Provided data:
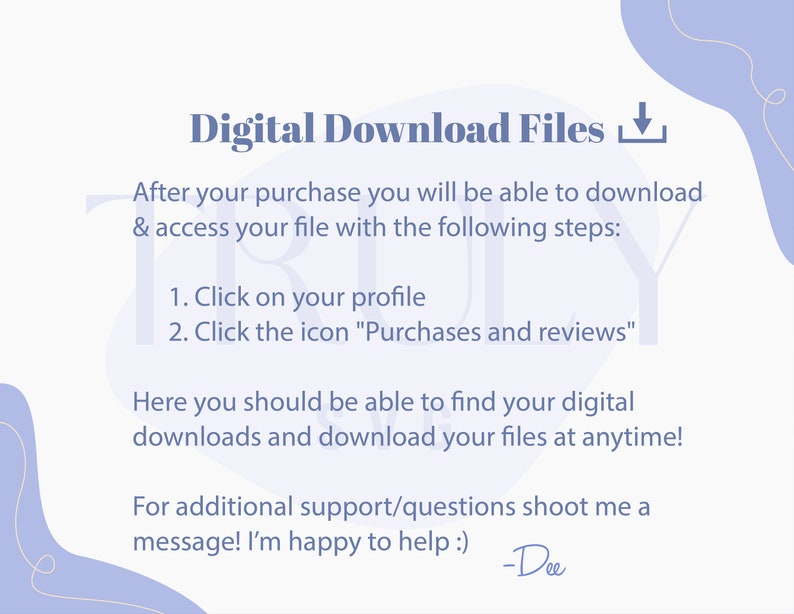 May include: A light blue and white graphic with the text "Digital Download Files" and instructions on how to download digital files after purchase. The text also includes "Click on your profile" and "Click the icon "Purchases and reviews"".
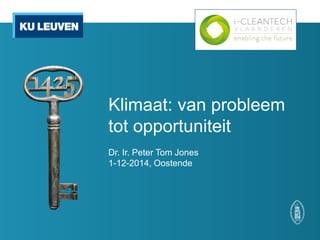 Klimaat: van probleem tot opportuniteit 
Dr. Ir. Peter Tom Jones 
1-12-2014, Oostende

Task requirements: Output precisely the lines in the material above from the line containing "Klimaat: van probleem tot opportuniteit" through its last line, and omit pictures.

Written solution:
 Klimaat: van probleem tot opportuniteit 
Dr. Ir. Peter Tom Jones 
1-12-2014, Oostende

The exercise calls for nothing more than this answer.